Work item:
Set down each line of the data exactly, but not the pictures.
***** Dataset extract
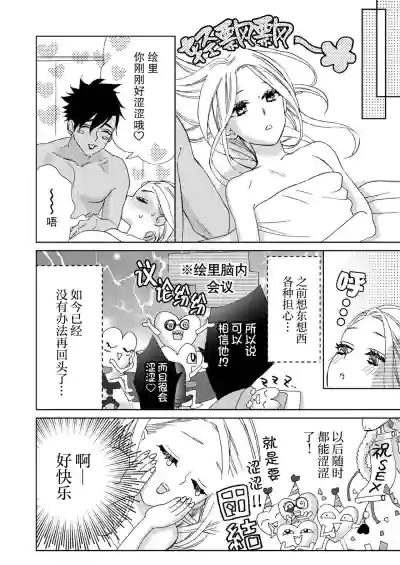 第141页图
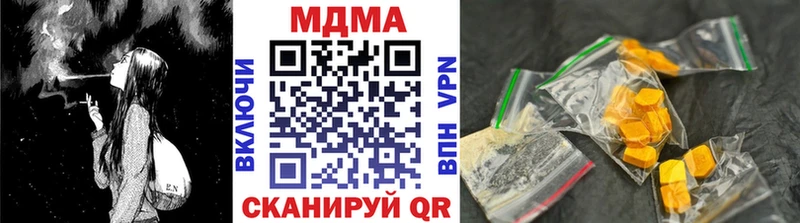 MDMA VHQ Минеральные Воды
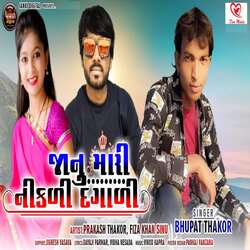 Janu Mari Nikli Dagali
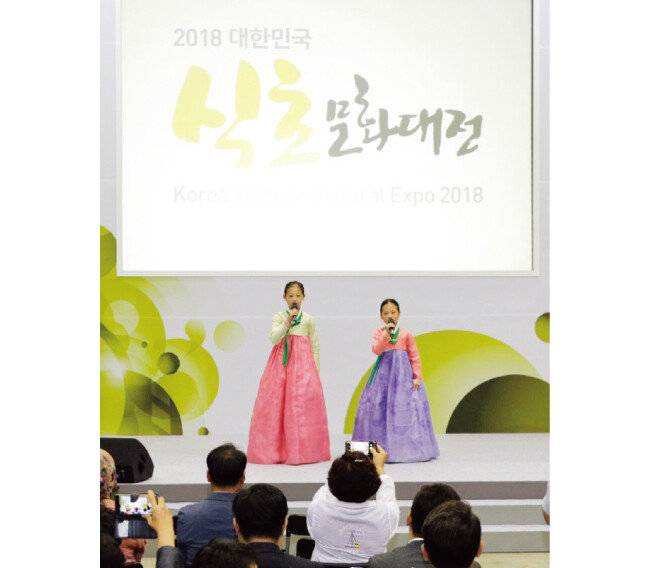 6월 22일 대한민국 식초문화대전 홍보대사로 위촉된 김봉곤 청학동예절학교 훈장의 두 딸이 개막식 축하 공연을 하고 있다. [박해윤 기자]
**********
Task response:
 第141页图
 MDMA VHQ Минеральные Воды
 Janu Mari Nikli Dagali
 6월 22일 대한민국 식초문화대전 홍보대사로 위촉된 김봉곤 청학동예절학교 훈장의 두 딸이 개막식 축하 공연을 하고 있다. [박해윤 기자]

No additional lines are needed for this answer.